Ketika Muhammad Ali wafat Jumat lalu, seluruh dunia berduka. Ali merupakan pahlawan tidak hanya bagi para penggemar tinju tapi juga bagi jutaan manusia lainnya. Penulis dulu sempat heran mengapa seseorang yang berprofesi sebagai atlet (bukan politisi ataupun filantropi) dapat menyebarkan inspirasi bagi begitu banyak orang.
Meskipun penulis sendiri merupakan penggila tinju, Muhammad Ali sudah jauh pensiun sebelum penulis lahir. Awal ketertarikan terhadap perjalanan hidup sang legenda dimulai ketika keluarnya film Ali yang diperankan dengan gemilang oleh aktor Will Smith. Seolah tidak percaya, kok ada ya orang yang begitu blak-blakan, tapi dicintai oleh begitu banyak penggemarnya.
Dari situ muncul keinginan untuk menonton video-video tentang Sang Juara, baik itu berupa pertandingan, wawancara, ataupun dokumentasi hidupnya. Bersyukur di zaman sekarang sudah ada media seperti Youtube yang sangat mempermudah dalam mengakses rekaman lama seperti itu. Muhammad Ali menginspirasi dalam banyak hal.
Akan tetapi satu hal yang paling menonjol mungkin adalah bagaimana seorang manusia dapat terus mempertahankan apa yang dia percaya, betapa pun mahalnya harga yang harus dibayar. Tulisan ini dibuat bukan untuk sekedar mengenang Sang Legenda yang baru saja pergi, tapi lebih pada keinginan penulis untuk menuangkan momen-momen favorit dari perjalanan hidup seorang manusia yang dijuluki the greatest of all time.
Merebut Gelar Juara Kelas Berat
Ali muda (sebelumnya bernama lahir Cassius Clay) mengawali kariernya dengan 19 kali kemenangan tanpa kekalahan yang akhirnya menempatkan dirinya sebagai penantang juara dunia saat itu yang dipegang oleh Sonny Liston. Sebelum menghadapi pertarungan ini, Ali terus-menerus berkoar-koar dan mengatakan kepada semua orang bahwa dia akan menaklukkan sang juara.

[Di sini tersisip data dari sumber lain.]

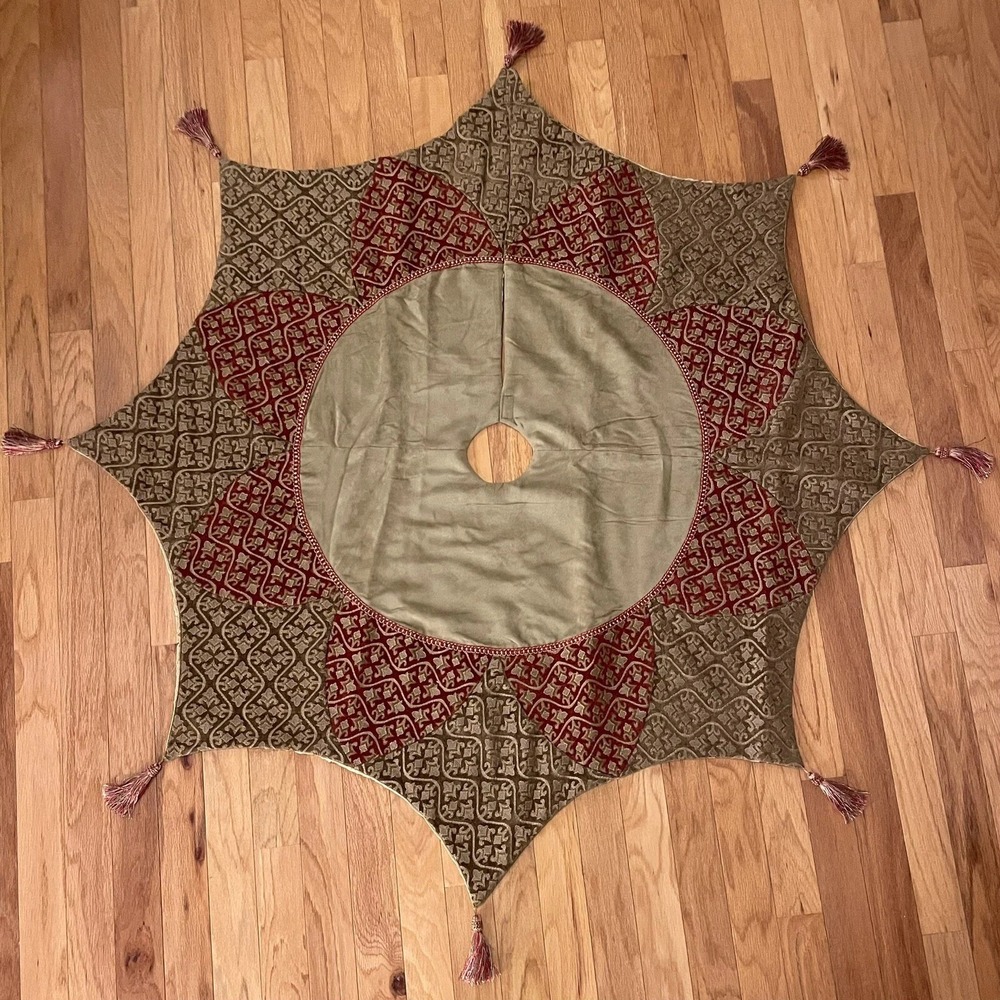 Villa Bacci 60" Christmas Tree Skirt Scalloped‎ Pointed Edge with Tassels Velvet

Hingga puncaknya pada acara timbang badan, keributan pun hampir terjadi. Kala itu banyak media menduga bahwa ini adalah caranya untuk menyembunyikan rasa takut. Patut diingat bahwa Sonny Liston adalah seorang sosok yang sangat mengintimidasi.
Hampir tidak ada orang yang menjagokan Ali dapat mengalahkan Liston. Jalannya pertarungan pun diwarnai dengan kontroversi ketika pada akhir ronde 4 penglihatan mata Ali mulai kabur. Di kemudian hari akan muncul tudingan bahwa pihak Liston yang frustasi dengan gaya bertarung Ali bertindak curang dengan mengoleskan vaselin ke sarung tinju.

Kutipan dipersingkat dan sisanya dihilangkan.